Frequently asked questions
- Are wedding vendor packages ever actually cheaper than a la carte?
- Yes, sometimes the package genuinely wins. A bundle can save you money and coordination headaches when the vendor prices the included services fairly and throws in setup or labor you'd otherwise pay for separately. The problem is you can't know whether a given package wins until you isolate each line item and compare it to standalone quotes. Treat every package as a hypothesis, not a fact. Get the individual prices, add them up, and let the numbers decide rather than the convenience pitch.
- How much more does DJ uplighting cost inside a package?
- When a DJ bundles uplighting into a premium tier, that add-on typically runs $500 to $1,200 more than sourcing it separately from a dedicated lighting rental company. That happens because a DJ is not a lighting specialist, so they mark up gear they have to haul and manage. To check yours, ask for the base DJ rate with no lighting, then the package rate, and subtract to find the true cost of the uplighting inside the bundle. Compare that number to one standalone lighting quote.
- Why is in-house venue catering more expensive?
- In-house per-head rates average about 30% over market compared to a comparable outside caterer, largely because many venues make themselves the only option through exclusivity requirements. When you can't bring anyone else in, there's little pressure to price competitively. Run the math on your actual guest count, then subtract any outside-caterer fee the venue charges before you decide. A $3,600 apparent saving can shrink to $1,600 once a $2,000 fee is netted against it, which changes the decision entirely.
- How big is the markup when a florist also handles decor?

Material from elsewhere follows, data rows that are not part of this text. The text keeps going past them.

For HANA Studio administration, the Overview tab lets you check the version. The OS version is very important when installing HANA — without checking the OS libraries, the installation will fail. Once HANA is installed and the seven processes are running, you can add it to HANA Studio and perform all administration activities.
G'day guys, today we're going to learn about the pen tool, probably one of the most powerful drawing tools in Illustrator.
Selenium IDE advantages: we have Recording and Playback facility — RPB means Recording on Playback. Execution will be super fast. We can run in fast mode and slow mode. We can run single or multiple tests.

- The florist-as-decorator markup can hit 40% over booking two vendors, one for flowers and one for decor and rentals. That's because florists act as a middleman on non-floral items they rent from someone else, marking them up for the sourcing convenience. Ask for an itemized quote that separates florals from decor and rentals line by line. If the vendor won't itemize, treat that as a red flag. Often you're better off letting the florist focus on the flowers they specialize in and sourcing rentals directly.

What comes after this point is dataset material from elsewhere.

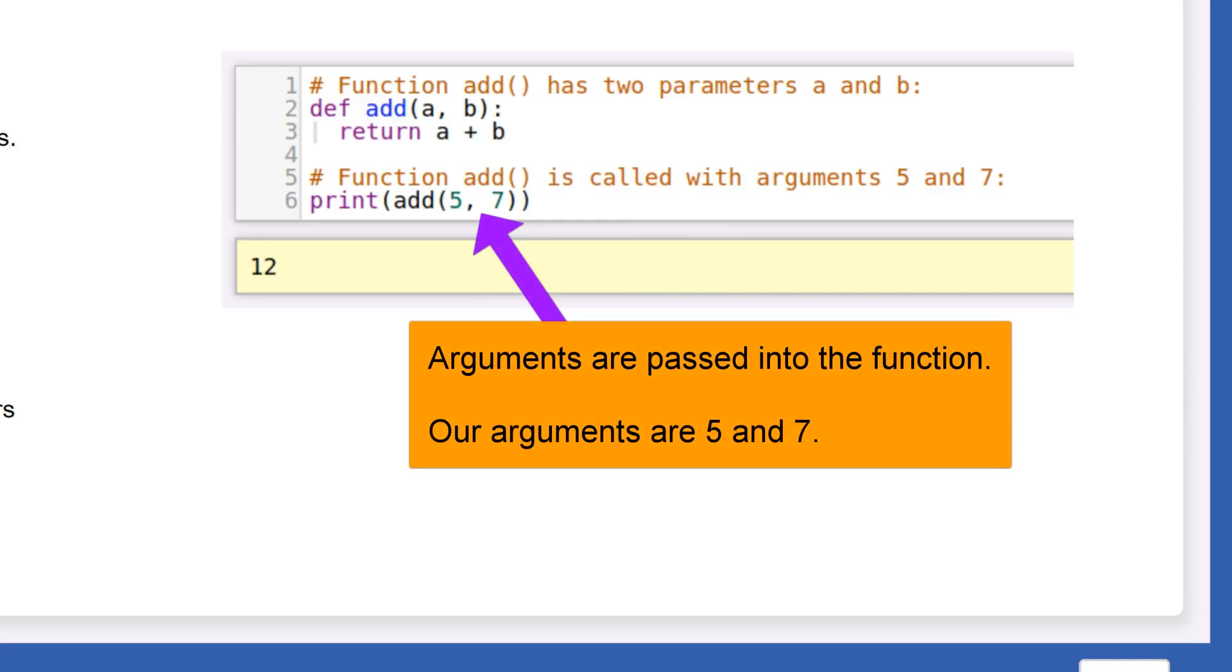When we call a function, we talk about arguments. When a function is called, the values passed into it through its parameters are called arguments. Here, we call the function add with the values 5 and 7 in the main program. 5 and 7 are the arguments passed through the parameters a and b.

- What's the fastest way to compare a package to a la carte pricing?
- Get itemized numbers, add up the a la carte equivalents, and net out any fees like a venue's outside-caterer charge. If you'd rather not build a spreadsheet, you can drop your quotes into Altared and compare every package against a la carte pricing in seconds, free. The goal is to have the comparison in front of you before you sign, while you can still negotiate, rather than discovering the gap after the contract is locked.